Invaso dal tuo Spirito, Signore,
anche se non ho abito
sento il calore del sole.
Come il sole scalda
questa misera terra del tuo servo,
questa terra d’argilla
fonte di peccati di fughe!
Il martirio di Francesco è quello che trasforma l’uomo che ha visto nell’uomo che non vede più, nel cieco. Oppure nell’uomo che vede troppo, che vede Dio, sono così accecato dal sole.

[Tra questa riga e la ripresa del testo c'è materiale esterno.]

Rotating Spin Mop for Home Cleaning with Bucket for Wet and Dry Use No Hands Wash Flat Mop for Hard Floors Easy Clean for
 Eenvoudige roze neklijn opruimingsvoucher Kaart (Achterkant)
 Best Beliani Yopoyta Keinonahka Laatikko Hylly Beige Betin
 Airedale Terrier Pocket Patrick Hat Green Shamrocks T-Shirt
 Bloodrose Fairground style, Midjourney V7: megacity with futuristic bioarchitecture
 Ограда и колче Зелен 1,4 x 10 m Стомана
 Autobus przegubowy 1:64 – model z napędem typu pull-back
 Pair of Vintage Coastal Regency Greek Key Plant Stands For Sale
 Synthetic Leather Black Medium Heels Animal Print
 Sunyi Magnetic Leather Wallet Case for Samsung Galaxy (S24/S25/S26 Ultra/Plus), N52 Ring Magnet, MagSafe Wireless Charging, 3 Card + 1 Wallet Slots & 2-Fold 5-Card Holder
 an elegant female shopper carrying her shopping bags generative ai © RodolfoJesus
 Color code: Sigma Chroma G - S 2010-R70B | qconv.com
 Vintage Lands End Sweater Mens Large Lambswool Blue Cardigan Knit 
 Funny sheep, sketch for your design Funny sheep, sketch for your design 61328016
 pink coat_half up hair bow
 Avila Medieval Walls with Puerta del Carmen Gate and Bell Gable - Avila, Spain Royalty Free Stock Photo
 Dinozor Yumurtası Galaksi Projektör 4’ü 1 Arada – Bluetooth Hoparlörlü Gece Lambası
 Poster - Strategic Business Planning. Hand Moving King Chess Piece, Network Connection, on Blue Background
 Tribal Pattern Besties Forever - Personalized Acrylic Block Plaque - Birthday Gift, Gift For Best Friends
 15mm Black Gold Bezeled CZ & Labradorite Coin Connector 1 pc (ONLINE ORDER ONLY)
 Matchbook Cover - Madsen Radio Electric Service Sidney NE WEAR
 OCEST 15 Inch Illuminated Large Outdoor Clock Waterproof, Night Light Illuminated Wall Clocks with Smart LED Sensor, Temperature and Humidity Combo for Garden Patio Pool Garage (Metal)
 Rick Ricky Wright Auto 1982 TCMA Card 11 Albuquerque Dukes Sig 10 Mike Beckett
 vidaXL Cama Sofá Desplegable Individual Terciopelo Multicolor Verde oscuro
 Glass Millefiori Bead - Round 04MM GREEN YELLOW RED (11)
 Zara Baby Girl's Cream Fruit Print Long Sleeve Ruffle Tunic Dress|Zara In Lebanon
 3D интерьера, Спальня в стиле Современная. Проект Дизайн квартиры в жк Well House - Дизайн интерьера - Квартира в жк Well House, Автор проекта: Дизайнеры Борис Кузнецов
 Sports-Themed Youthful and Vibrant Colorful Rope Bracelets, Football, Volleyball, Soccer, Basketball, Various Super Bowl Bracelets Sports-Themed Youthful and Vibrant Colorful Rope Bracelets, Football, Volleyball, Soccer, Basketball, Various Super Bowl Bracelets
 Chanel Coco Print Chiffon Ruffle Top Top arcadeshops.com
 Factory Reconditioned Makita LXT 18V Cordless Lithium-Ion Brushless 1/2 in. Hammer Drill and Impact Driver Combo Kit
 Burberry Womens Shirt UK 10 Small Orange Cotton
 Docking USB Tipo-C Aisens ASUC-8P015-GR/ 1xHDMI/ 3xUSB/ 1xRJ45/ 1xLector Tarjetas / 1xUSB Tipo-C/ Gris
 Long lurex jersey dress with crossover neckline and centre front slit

Questo converte, vedere uno come Francesco che si lascia ustionare le palpebre da una luce che noi abbiamo paura di incrociare, vedere in un uomo come Francesco l’uomo che ha cantato la vigna, che si è trovato nell’attimo esatto in cui prima si è lasciato affascinare dal Padre e poi è diventato Lui, ustionato d’amore, trafitto dal sole, uno con l’Uno in un rogo finale in cui tutto si illumina di una Luce senza tramonto.
Possono essere solo parole vagamente romantiche quelle che definiscono Dio come l’innamorato sulle tracce dell’uomo ma se si cede a questo richiamo, se si entra nella vigna, luogo di innamoramenti, fonte di ebrezza, rimando all’erotico vino delle alleanze, se si accetta di entrare, di lasciarsi trapassare, di diventare sguardo del Suo sguardo, se si trasforma la propria pelle in una pergamena e ci si lascia incidere a fuoco di carboni ardenti, se ci si tatua il suo amore, se di diventa Lui, ci si converte a una nuova Verità.